## Source information

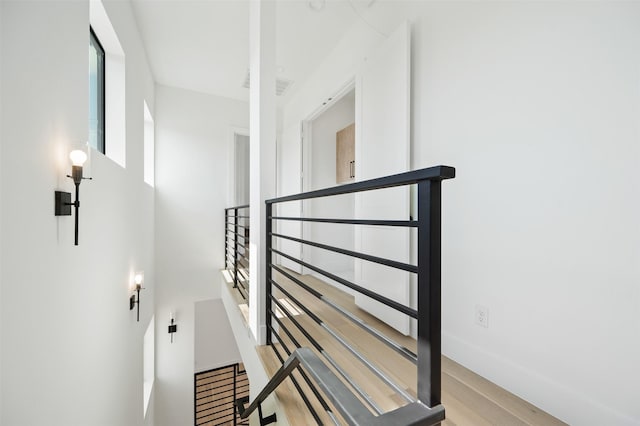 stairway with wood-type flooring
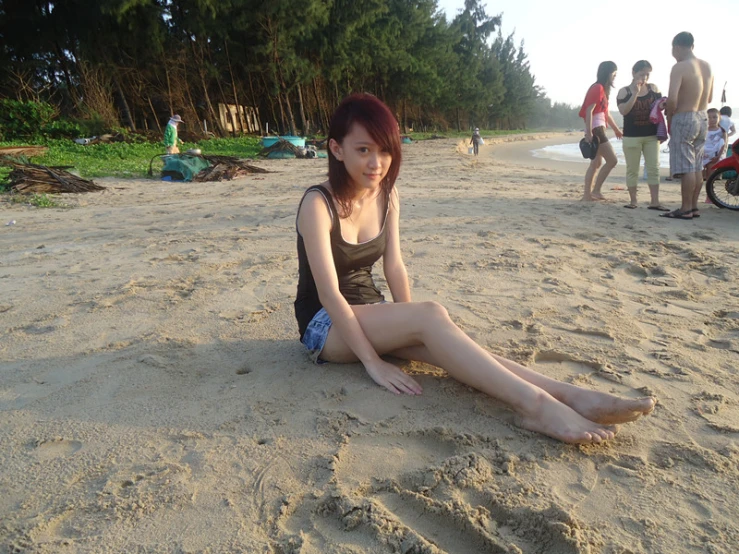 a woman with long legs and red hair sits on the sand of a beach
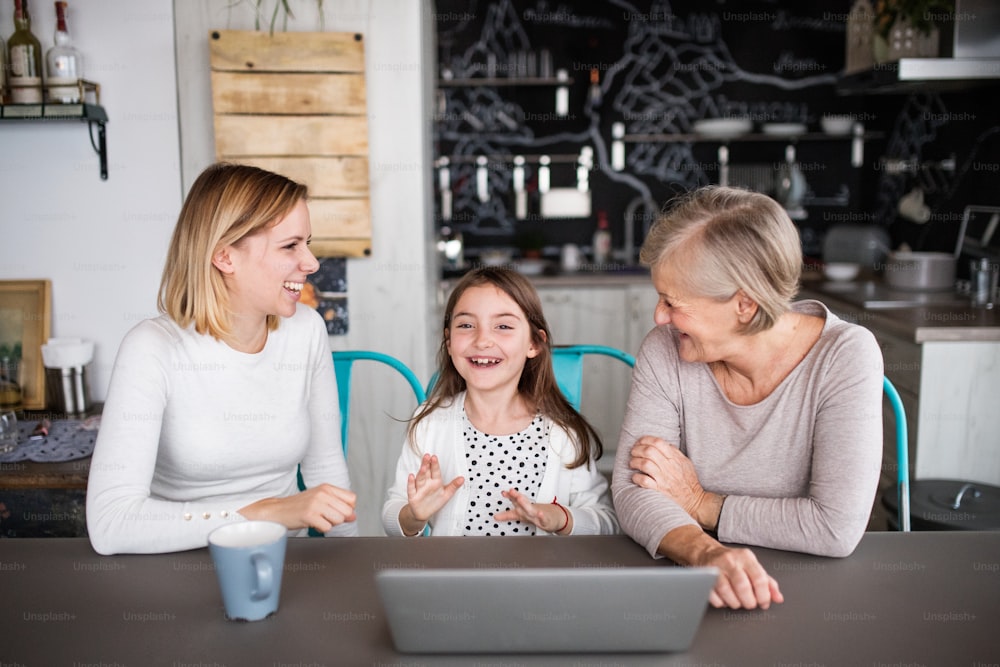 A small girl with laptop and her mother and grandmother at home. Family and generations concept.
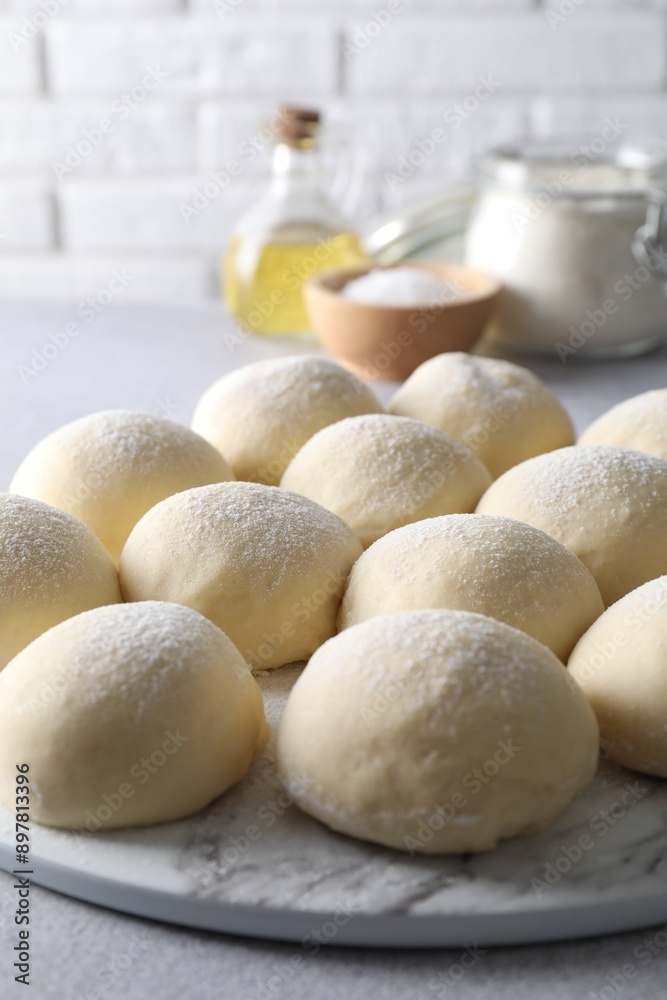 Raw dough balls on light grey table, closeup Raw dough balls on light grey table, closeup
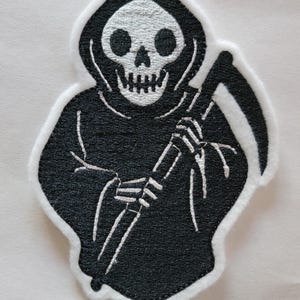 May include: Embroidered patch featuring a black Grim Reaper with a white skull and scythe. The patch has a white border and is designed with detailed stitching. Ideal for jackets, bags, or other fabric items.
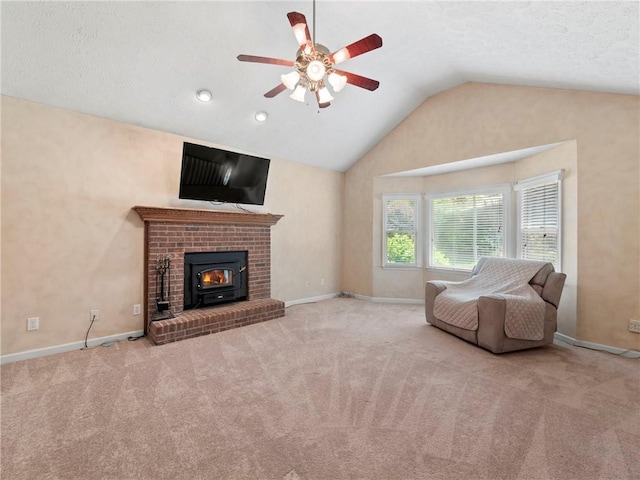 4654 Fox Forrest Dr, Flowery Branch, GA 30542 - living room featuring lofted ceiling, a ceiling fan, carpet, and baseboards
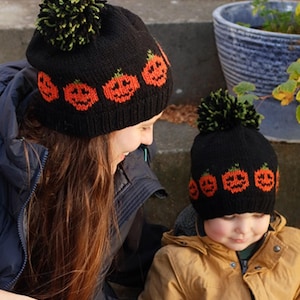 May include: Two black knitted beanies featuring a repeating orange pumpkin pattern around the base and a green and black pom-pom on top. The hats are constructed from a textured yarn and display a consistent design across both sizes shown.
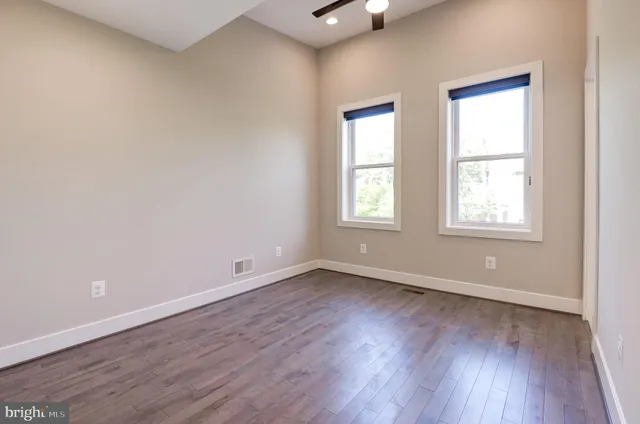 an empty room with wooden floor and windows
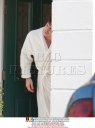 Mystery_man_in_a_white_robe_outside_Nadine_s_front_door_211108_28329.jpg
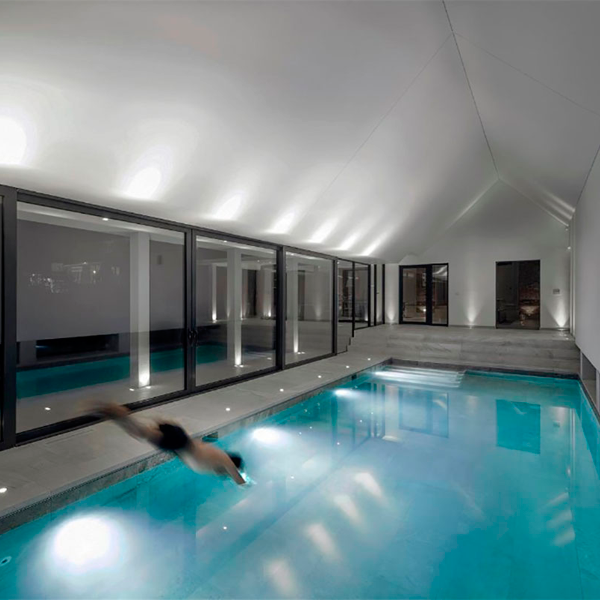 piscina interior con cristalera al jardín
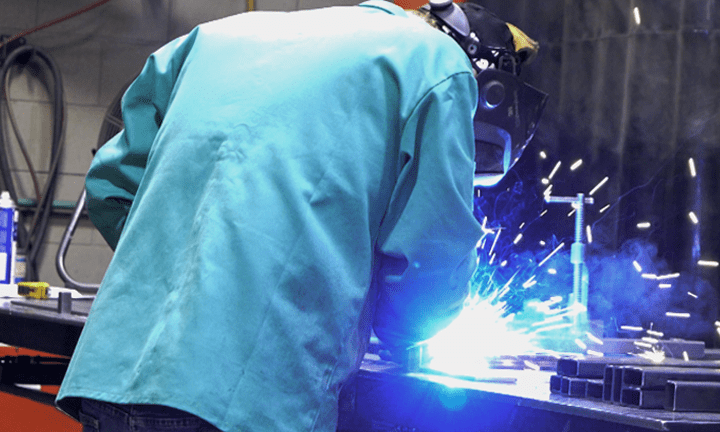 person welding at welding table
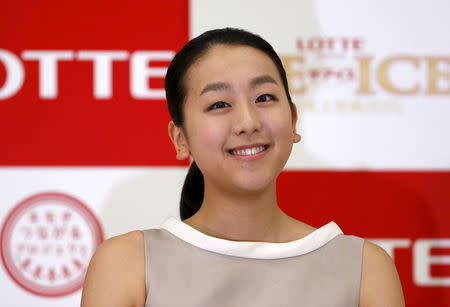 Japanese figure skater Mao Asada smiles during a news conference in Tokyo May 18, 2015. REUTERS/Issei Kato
==
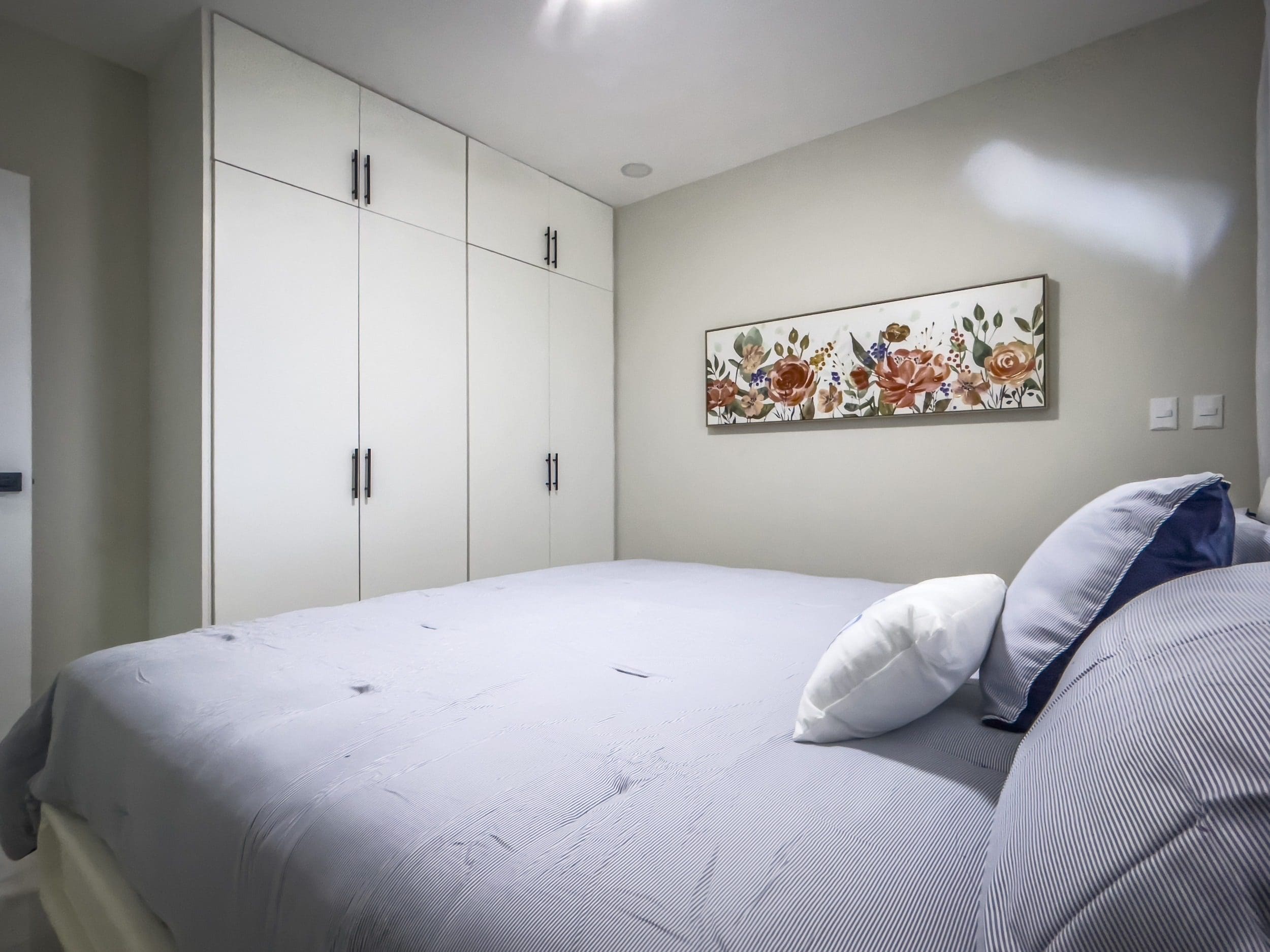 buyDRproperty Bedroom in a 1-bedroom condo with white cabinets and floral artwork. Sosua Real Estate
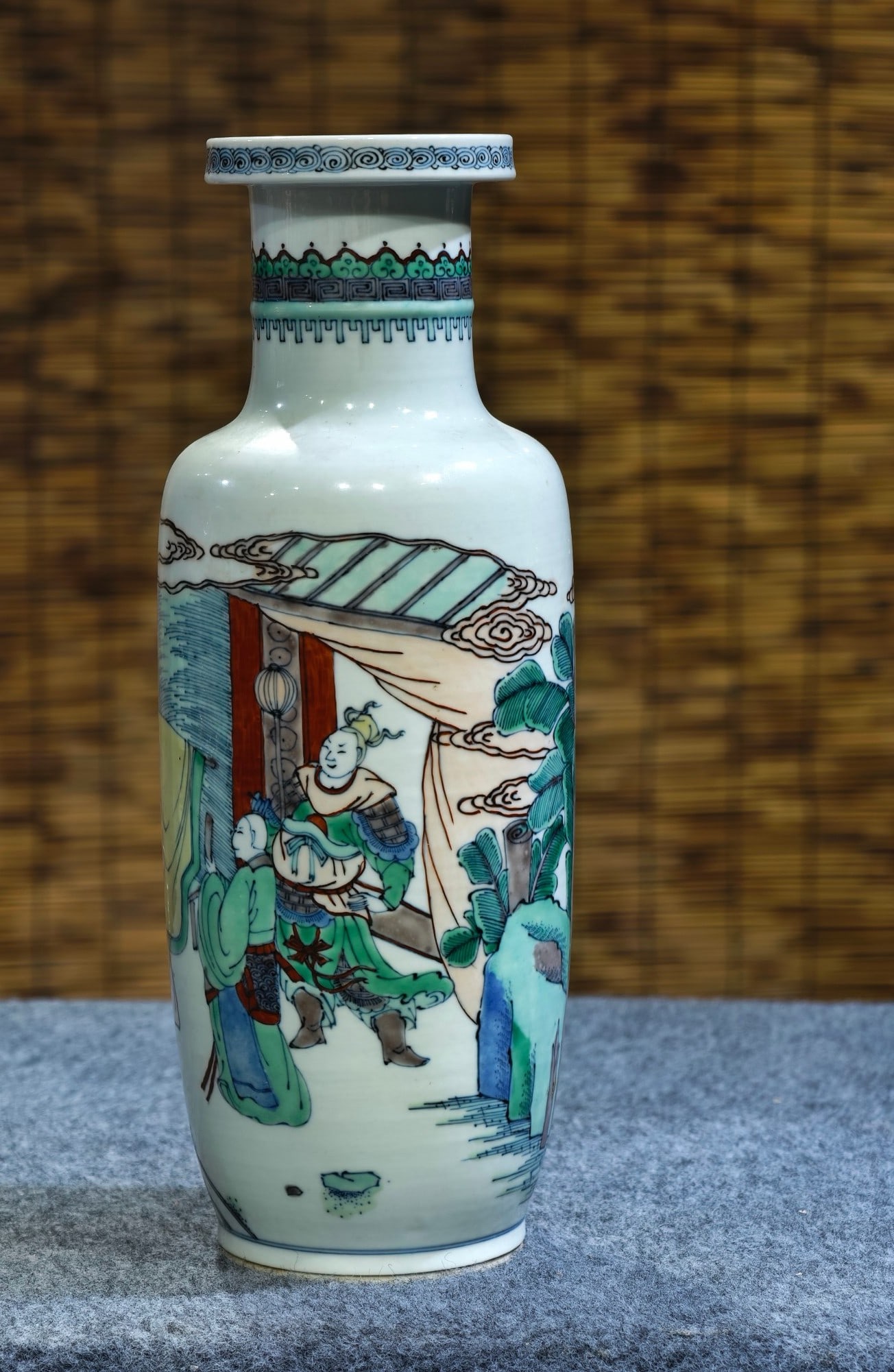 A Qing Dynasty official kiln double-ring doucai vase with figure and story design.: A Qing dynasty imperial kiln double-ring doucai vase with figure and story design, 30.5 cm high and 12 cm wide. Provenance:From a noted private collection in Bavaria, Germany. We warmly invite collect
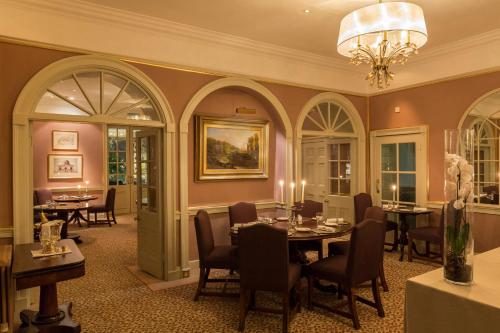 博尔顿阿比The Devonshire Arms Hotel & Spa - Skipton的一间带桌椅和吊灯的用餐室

## Exercise aim
Out of the records above, please copy exactly the lines from the line with "an empty room with wooden floor and windows" up to and including the line with "Japanese figure skater", minus the pictures.

## Answer to the exercise
 an empty room with wooden floor and windows
 Mystery_man_in_a_white_robe_outside_Nadine_s_front_door_211108_28329.jpg
 piscina interior con cristalera al jardín
 person welding at welding table
 Japanese figure skater Mao Asada smiles during a news conference in Tokyo May 18, 2015. REUTERS/Issei Kato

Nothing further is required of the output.